A cores power handling ability (in watts or volt amperes) comes from its ability to cram all the magnetic lines of force (flux) into a small core area (flux density). Every core has a maximum flux density (Bmax) which is determined by the cross sectional area of the core (A) and the material the core is made from, nothing more. If this limit is exceeded, the core goes into saturation. This means that any more increase in current does not cause any more flux in the core. It also means that the cores permeability drops off sharply at this point. The waveform becomes distorted at the point of saturation and beyond too. A core is designed to not saturate when maximum power is drawn from the transformer (this is not the case in an inverter). Generally, a flux density is selected which is just below Bmax at design time. Lets say the material gives a Bmax of 14,500 gauss. A working flux density of maybe 14,000, or 13,500 might be used. However, this increases the weight of the core because more iron has to be added to it to keep the flux density down. This is why when selecting a transformer, you should figure the maximum current in amperes to be drawn for each winding including losses. Losses in most filtered power supplies run around 5% or so. The reason for this is the designer trys to make the transformer as light as possible and this in turn means they design the transformer to run as close to saturation as possible without going over. On designing power chokes, the DC portion has to be considered along with the AC to keep away from saturation. The core can be gapped to correct some of this, but that is more than what can be covered here at this time.

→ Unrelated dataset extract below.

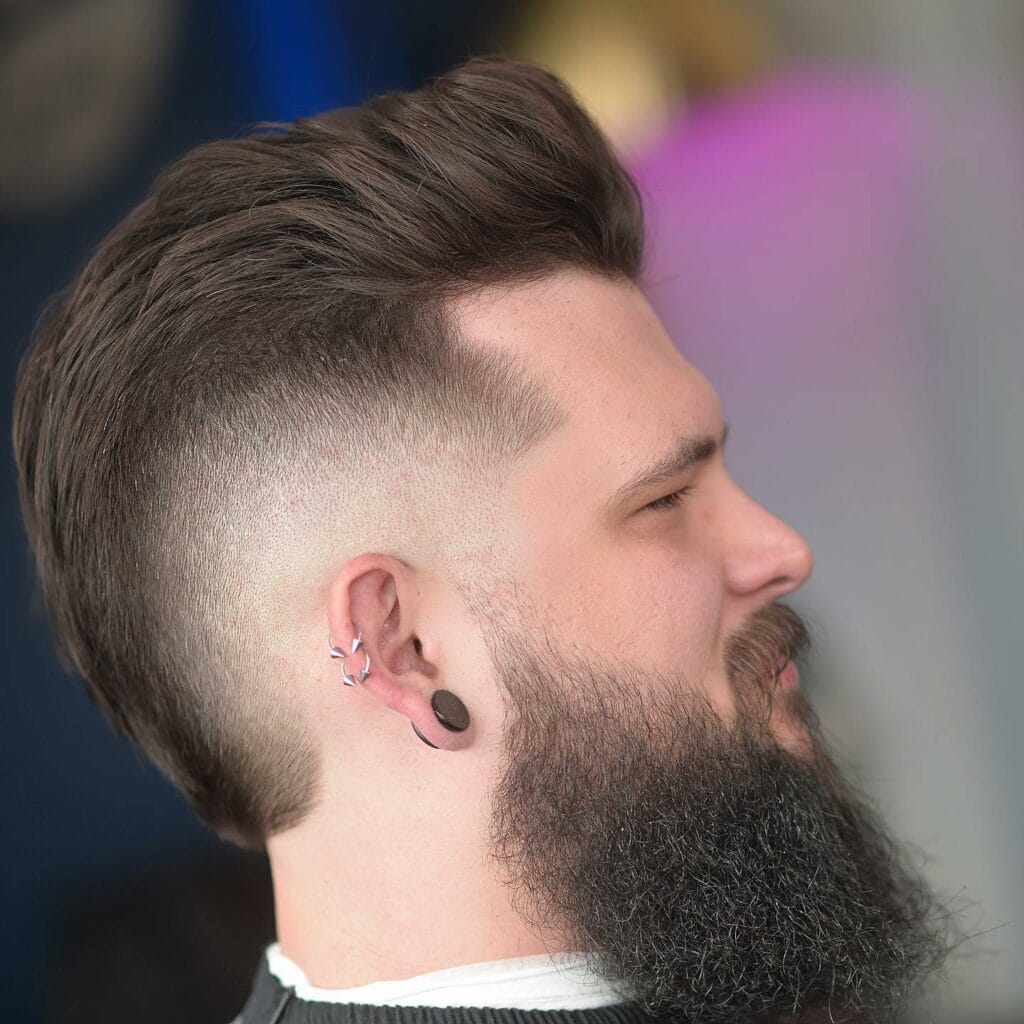 Mid Fade Haircuts That Will Make You Stand Out In a Crowd 6 Drop Mid Fade Haircut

What are the disadvantages to a C-Core?
First and foremost is cost. The cost of pre-made cores is expensive unless buying a large quantuty of each size. The mounting hardware costs more than does on an EI core of the same size. The last, and an important one is that a C-core runs hotter than an EI core of the same size. This is due to the mass of iron being smaller than on an EI core, plus the fit of the bobbin to the core. The only plus to a C-core is labor savings, and a minor weight savings. It doesn’t take as long to put together a C-core as it does to stack an EI core. However, an experienced builder can go pretty darn fast stacking the lams of an EI core, even being interleaved. Actually, a tigther fit can be achieved of the coil to the core on an EI core than a C-core, because of adding the lams, one at a time to the exact thickness needed. With a C-core, you get the one thickness, that’s it. To make it fit, extra paper or wedges is used a lot. This also makes one heat up more if the bobbin doesn’t have a ti ght fit to the core. This raises the cost of the mandrel used to wind the coil as it’s tolerances are tighter.
Is an EI core better than a C-core?
In my opinion, Yes! The reason being is the heat. Heat is the killer of all electrical and electronic components. I wouldn’t care if the core weighed 20% more as long as it lasted longer.
The above is just my opinion on the subject, and hope more have been brought into the light on the differences between these two types of transformers.